Institute of Physics & ForWind
Prof. Dr. Joachim Peinke
Room, W33 3-302
The deterministic description of nature on the basis of differential equations is often presented as an outstanding result of the physics of the 19th century, i.e. classical physics, while the development of quantum structures is considered as a great success of the physics of the 20th century.
However, the basic principles of classical physics have not solved all the problems of the latter. In particular, it has been recognized in recent decades that nonlinearities in classical problems can lead to unexpected phenomena. For example, how spatial structures or temporal chaos spontaneously form due to nonlinearities is of current interest. One of the great challenges of "nonlinear classical physics" is the description of turbulence.
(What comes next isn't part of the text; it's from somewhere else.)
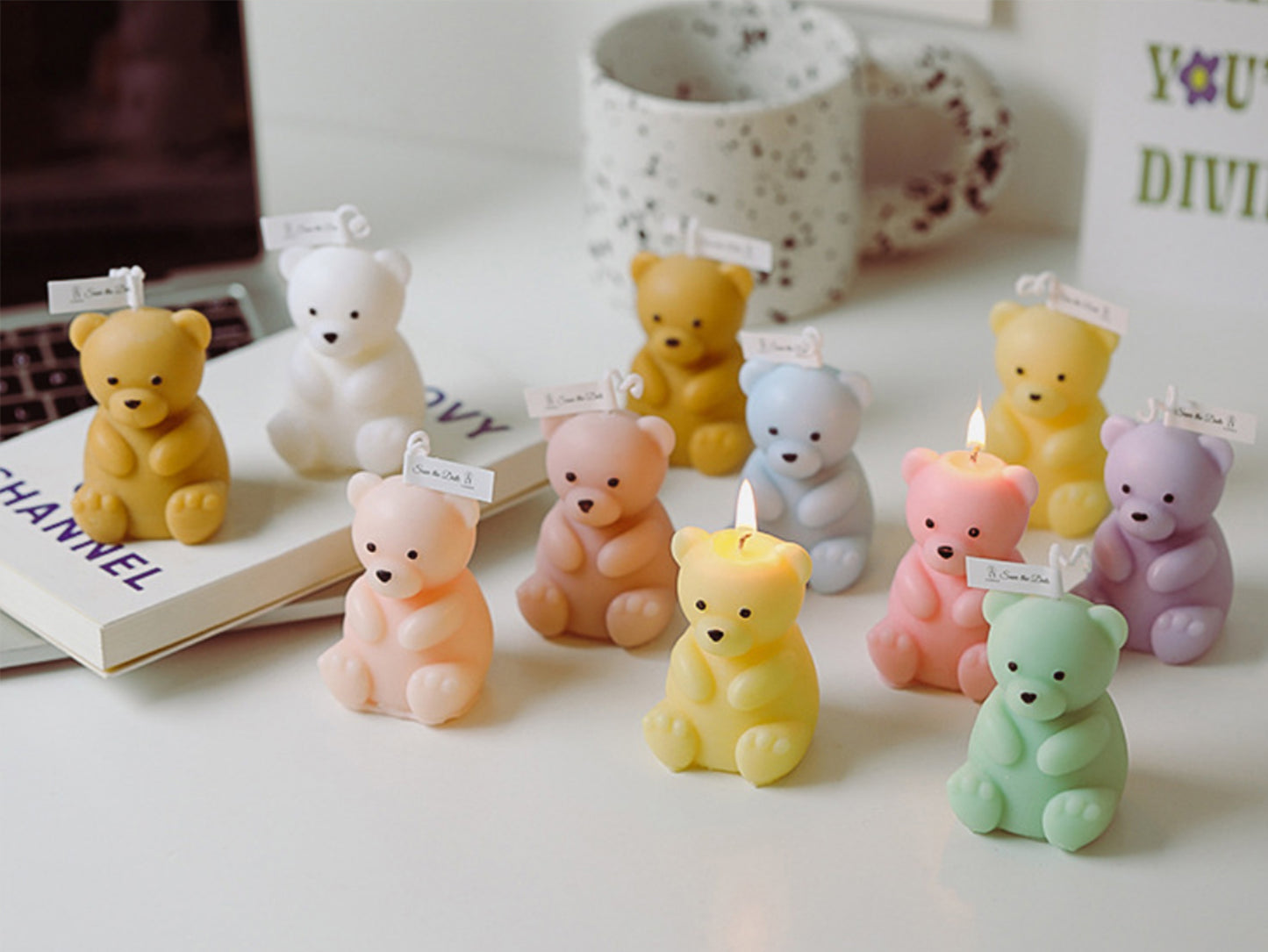 Handmade Bear Shaped Scented Candles, Bear Soy Wax Candles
The descriptive equations of motion of turbulence have been known for over 100 years. Nevertheless, to date, neither modern theoretical approaches nor numerical simulations on the largest computers available have succeeded in describing turbulence accurately. The interplay between chaos and spatial structure formation , as seen, for example, in the fascinating phenomena of cloud structure, continues to impede progress in this research area to this day.
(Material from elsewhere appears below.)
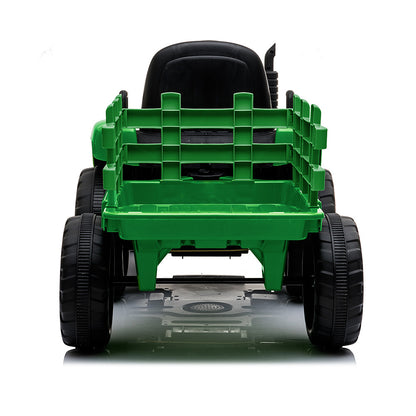 Electric Ride-On Tractor with Trailer, Remote Control, Stereo, Green/Yellow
A highly topical application field for turbulence research, on which we are currently working very intensively, is wind energy conversion. Wind turbines represent one of the most important renewable energy systems. Especially here in northern Germany, this form of energy plays a significant role and has now led to many well-known industrial activities. Typically, wind turbines are located in places with high wind speeds. Because of their proximity to the ground, these turbines are subject to particularly strong wind turbulence. The effects of these turbulent winds are well known from landing approaches in bad weather. Unlike aircraft, which always try to avoid turbulence, wind turbines in continuous operation must withstand this wind turbulence. Unknown turbulence characteristics, for example, result in indeterminate material loads that can lead to unexpected failures or unnecessary costs.